§ Records supplied:
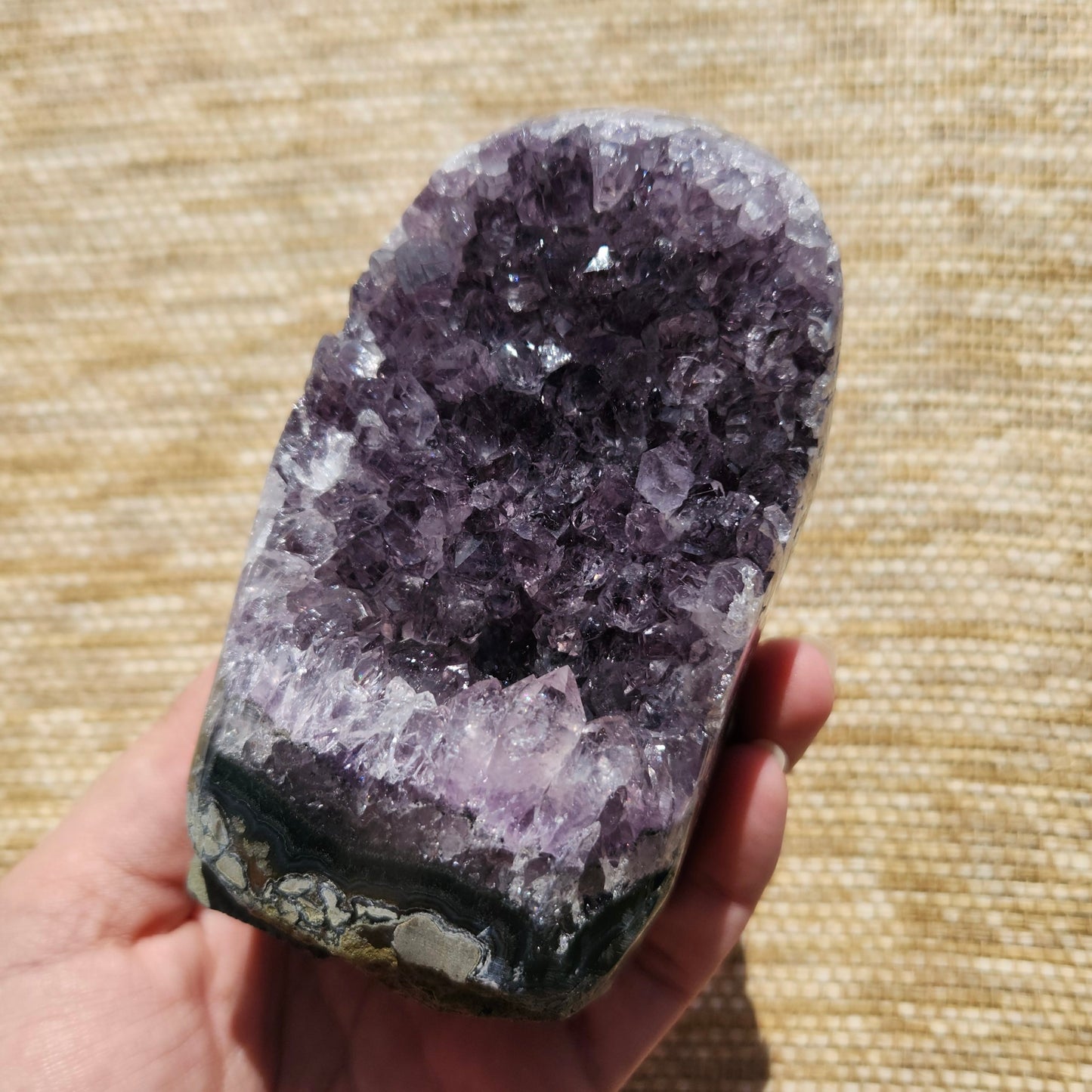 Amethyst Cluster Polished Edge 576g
* * *
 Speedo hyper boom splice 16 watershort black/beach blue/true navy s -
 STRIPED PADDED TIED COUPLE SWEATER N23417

§ Exercise: Copy out each line of the data above, exactly, if it lies between the line holding "Speedo hyper boom" and the line holding "STRIPED PADDED TIED COUPLE SWEATER N23417", inclusive; copy no other line.

§ Answer to the problem:
 Speedo hyper boom splice 16 watershort black/beach blue/true navy s -
 STRIPED PADDED TIED COUPLE SWEATER N23417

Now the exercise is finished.